→ **Problem to work on**: Copy exactly every line below, from the first through the one that contains "Hello and welcome", and skip all pictures.

→ **Provided entries**:
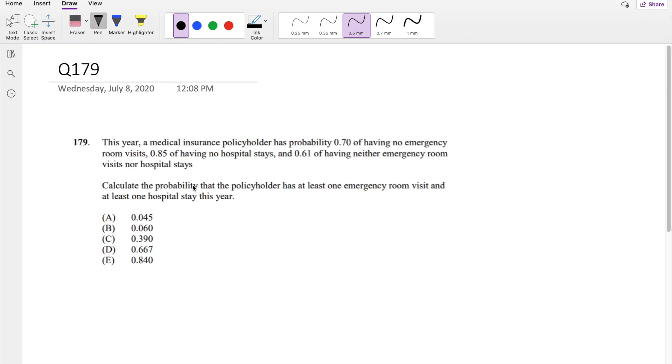Hi guys, it's Ramin the Math Person. Today I'll be going over question 179 on SOX AMP. So pause the video quick and try it yourself.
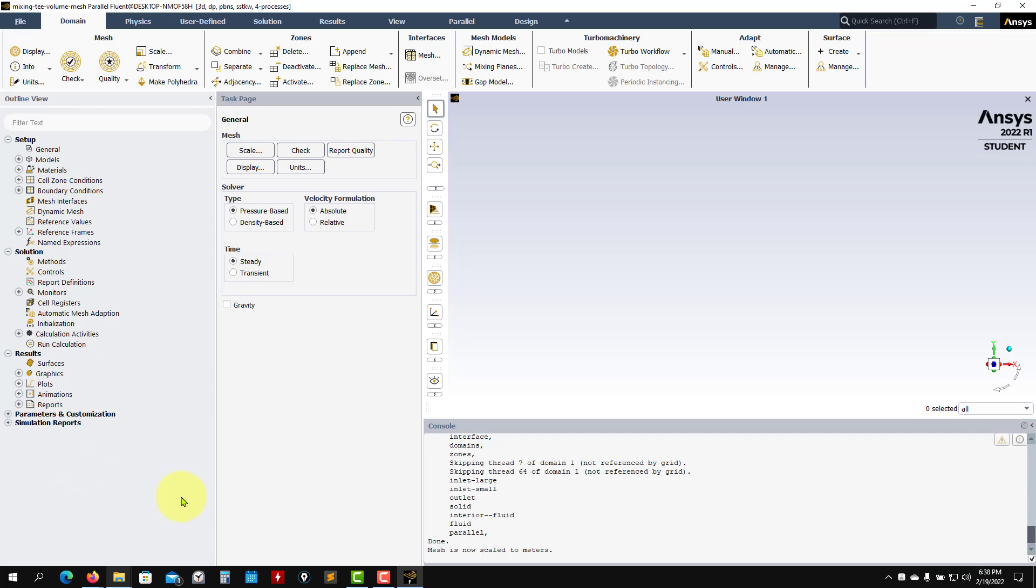So this is it for this video. So I just introduced you how to launch Fluent, but also how to launch Workbench and why we want to work in Fluent. So leave this window open because from here, we're going now to start to set up the case now that we're inside Fluent. So thank you for your attention and see you next video. Bye.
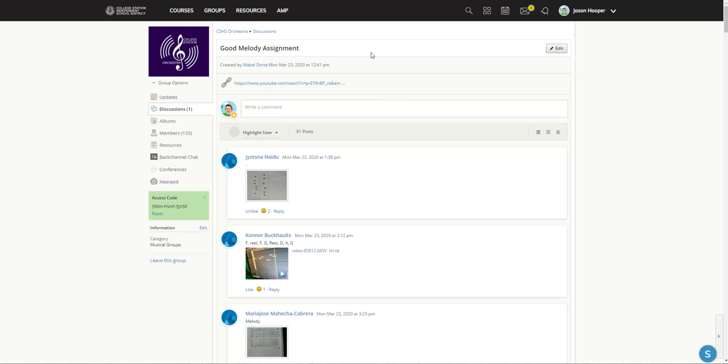All right guys, have a good weekend. On Monday you'll have a new lesson for week two's tasks. Got to get the terminology right, we're not doing assessments right now. Again, no Charms. Please do not do Charms. Do everything in Smart Music. Thanks guys.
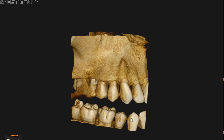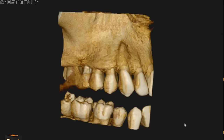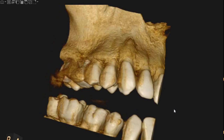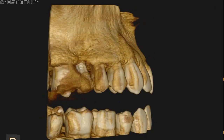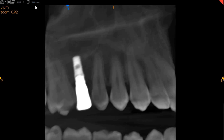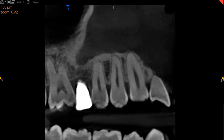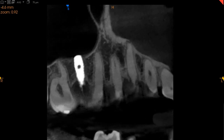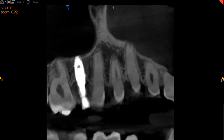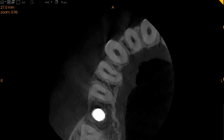Hello and assalamualaikum. Ultrascan Diagnostics here. This is the CBCT of the patient that you had requested. The area of interest is the upper right second premolar implant. This is the sagittal view — as you can very clearly see, the sagittal view has an implant placed and we can see good bone support around the implant.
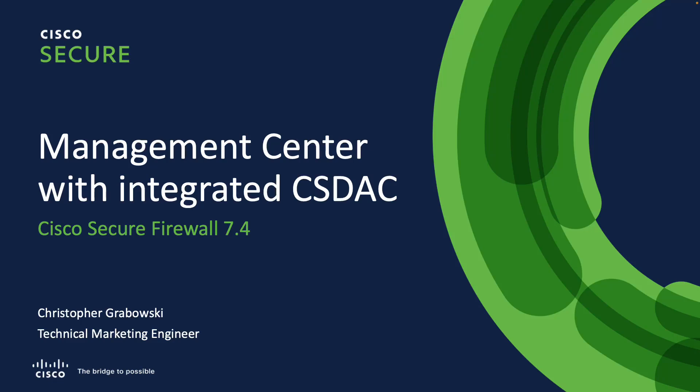Hello and welcome to this video. My name is Krzysztof Grabowski, Technical Marketing Engineer with Cisco Systems.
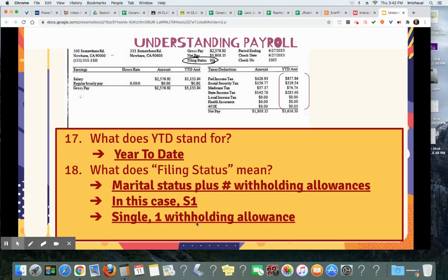Withholding allowance — remember, that's the number of people you're financially responsible for. What if that was M4? What would that stand for? M4: you're married — the M — and you claim four withholding allowances. So maybe you claim your spouse and you have two kids, so you claim yourself, your spouse, and the two kids. So M4, filing status.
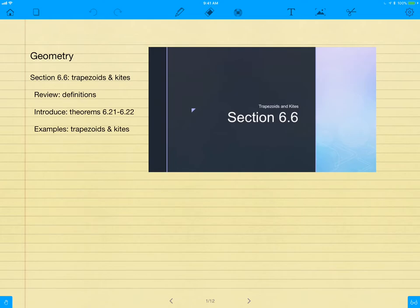Today we're going to be talking about section 6.6, trapezoids and kites. We'll be reviewing the definitions, introducing some new theorems today, 6.21 to 6.22. We'll need to add those to the bubble. If you are not familiar with that, please ask.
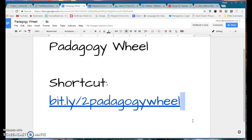Feel free to contact me if you want to talk about apps and how to incorporate them in your classroom. I'd love to sit down with you and have a great discussion. Hopefully this will save you a little time over the summer looking for new apps and help make your classroom a better environment for students to learn.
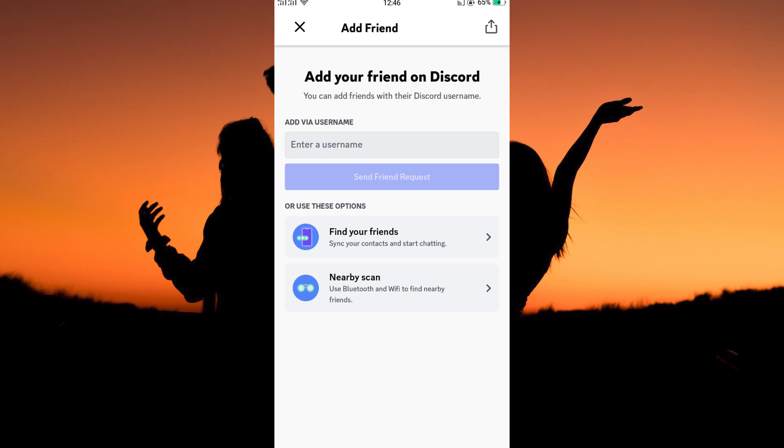Next, you can add your friends by syncing your contacts, and lastly, you can scan using Bluetooth and Wi-Fi to find nearby friends. You can use any of the three options to add friends on Discord.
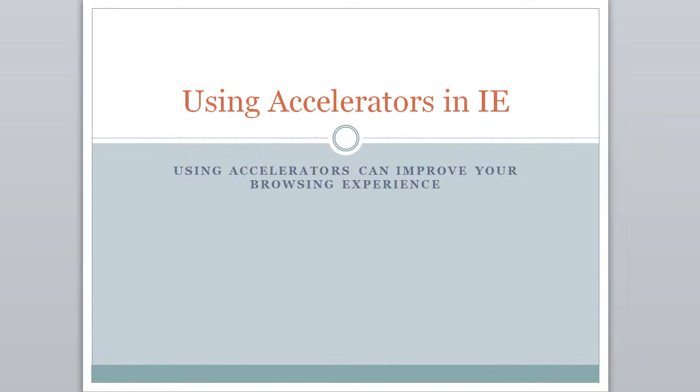This tutorial will walk you through using accelerators in Internet Explorer to improve your browsing experience.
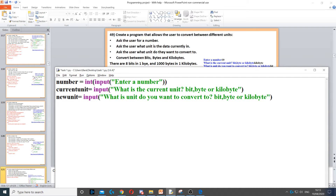Then we need to convert between bits, bytes, and kilobytes. They might pick bits and convert to kilobytes or bytes, or pick bytes and convert to bits and kilobytes, so there are a lot of different possibilities. You need to know that there are eight bits in one byte — one byte equals eight bits, two bytes equals 16 bits. There are also one thousand bytes in a kilobyte, so two kilobytes means two thousand bytes.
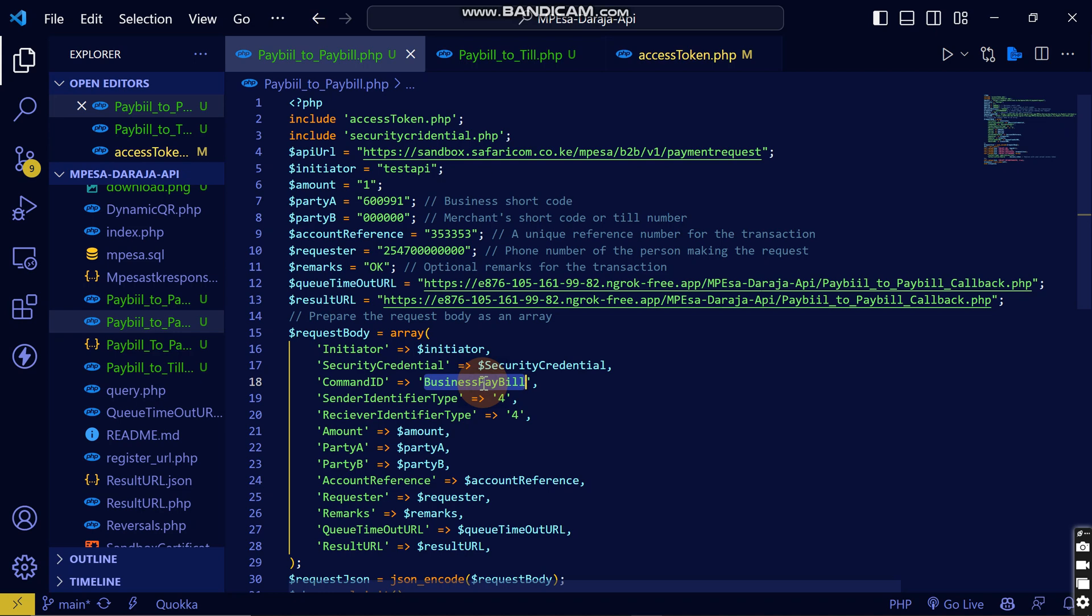So this I think that's everything you need to know about the business paybill and the business till. So see you, subscribe to this channel and see you in my next video.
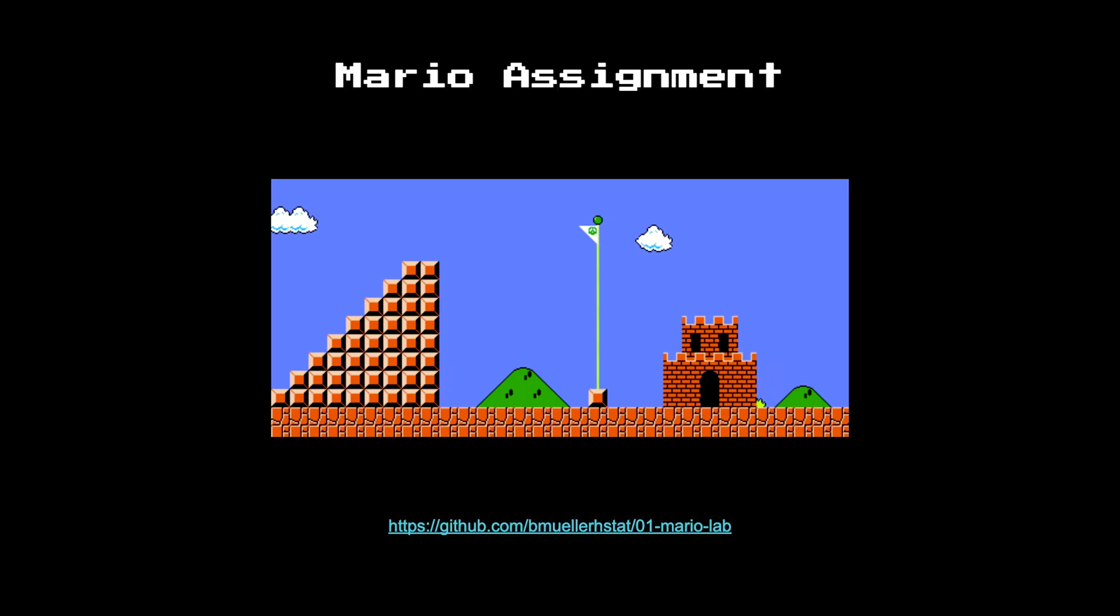So that was it for the Mario track, and therefore, the end of the games track. Now, there is an assignment associated with this half of the track, just like there was for Pong. And this actually ties back nicely to CS50 itself. In Pset 1, you implemented a pyramid with Mario's hash marks. In this case, in the Mario assignment here, we're going to have you implement an actual pyramid that looks something like this.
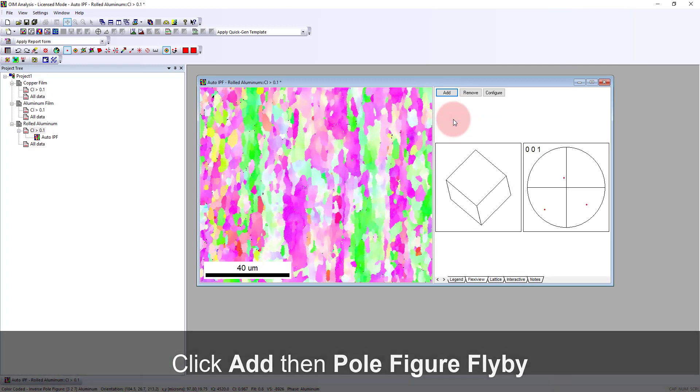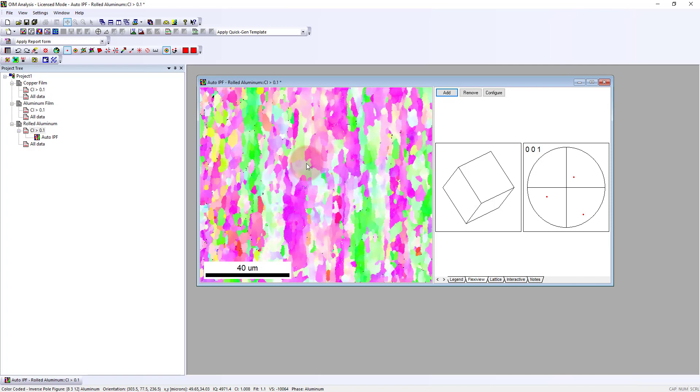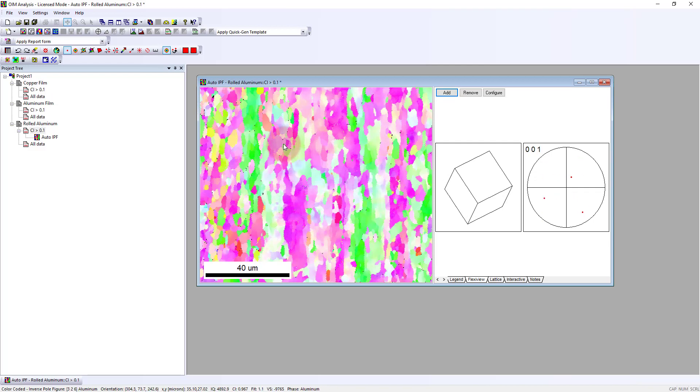The pole figure shows the projection of the different poles from different planes onto a 2D projection of a sphere. So that's what we see here with the 001 pole figure, and each face of the crystal is projecting. If we look down here, this grain would be the point in the bottom right of the pole figure, the other faces in the bottom left, and then the top face is pointing kind of the top line aligned in the middle. As we look at different grains, we see how those poles move.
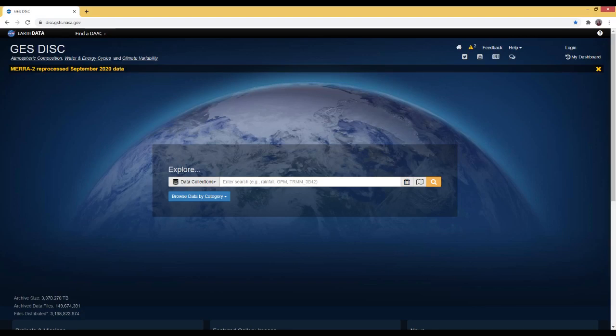Hi everyone. In this video, I will demonstrate how to download one-day and one-month GPM IMERG precipitation final run data from the NASA GES DISC website. These data are 0.1 by 0.1 degree spatial resolution products. After downloading the data, I will open them on the ArcGIS platform considering the available format for NetCDF data.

→ **Result below**:
Hi guys, it's Ramin the Math Person. Today I'll be going over question 179 on SOX AMP. So pause the video quick and try it yourself.
So this is it for this video. So I just introduced you how to launch Fluent, but also how to launch Workbench and why we want to work in Fluent. So leave this window open because from here, we're going now to start to set up the case now that we're inside Fluent. So thank you for your attention and see you next video. Bye.
All right guys, have a good weekend. On Monday you'll have a new lesson for week two's tasks. Got to get the terminology right, we're not doing assessments right now. Again, no Charms. Please do not do Charms. Do everything in Smart Music. Thanks guys.
Hello and assalamualaikum. Ultrascan Diagnostics here. This is the CBCT of the patient that you had requested. The area of interest is the upper right second premolar implant. This is the sagittal view — as you can very clearly see, the sagittal view has an implant placed and we can see good bone support around the implant.
Hello and welcome to this video. My name is Krzysztof Grabowski, Technical Marketing Engineer with Cisco Systems.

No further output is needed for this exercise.